Parametric Additive Models
We shall introduce Additive Models on a toy example with two features \(x_1,x_2\sim U(0, 1)\) and with a target \(y = x_1^2 + \cos(2\pi x_2)+\epsilon\), where \(\epsilon\) is random Gaussian noise.
import numpy as np
import matplotlib.pyplot as plt
np.random.seed(42)
from pyfd.features import Features
# Two input features
X = np.random.uniform(0, 1, size=(200, 2))
# Feature object
features = Features(X, ["x1", "x2"], ["num", "num"])
# The label is an additive function
y = X[:, 0]**2 + np.cos(2*np.pi*X[:, 1]) + 0.1 * np.random.normal(size=(200,))
Since the target is an additive function of the input features, we should be able to accurately approximate it with an additive model. Now, fitting additive models requires defining a representation of the shape functions \(h_i\). We cannot allow any possible function since this would render the training intractable. There are two solutions : Parametric and non-parametric representations. In this blog, we will investigate Parametric Additive Models, and the subsequent blog-post will illustrate the alternative.

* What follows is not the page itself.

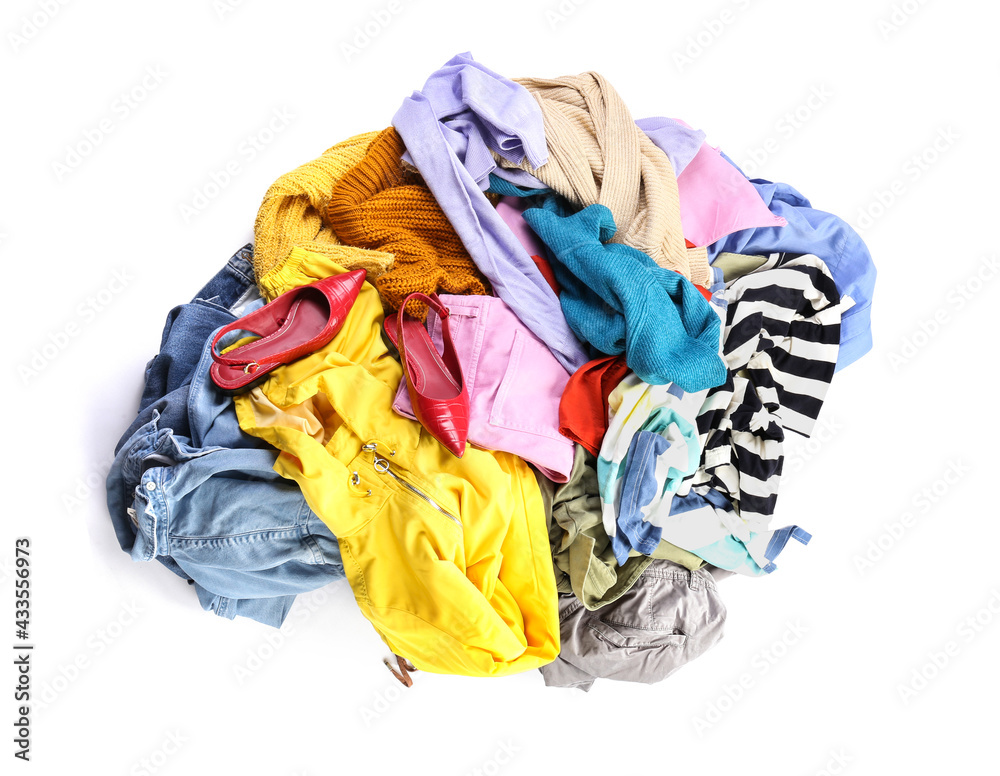 Heap of different clothes on white background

In a parametric model, each shape function \(h_i\) is modelled by first defining a basis of \(M_i\) functions along each feature \(i\) : \(h_{i1}(x_i), h_{i2}(x_i),\ldots h_{iM_i}(x_i)\). For shape functions \(h_i\) that are piece-wise linear, we define a basis of piece-wise linear functions along feature \(x_i\).
from sklearn.pipeline import Pipeline
from sklearn.preprocessing import SplineTransformer, FunctionTransformer
# degree=1 spline basis
n_knots = 5
splines = SplineTransformer(n_knots=n_knots, degree=1).fit(X)
# Plot the basis functions h_{11}, h_{12}, ..., h_{1M_1} over the whole x_1 axis
plt.figure()
line = np.linspace(0, 1, 200)
H_line = splines.transform(np.column_stack((line, line)))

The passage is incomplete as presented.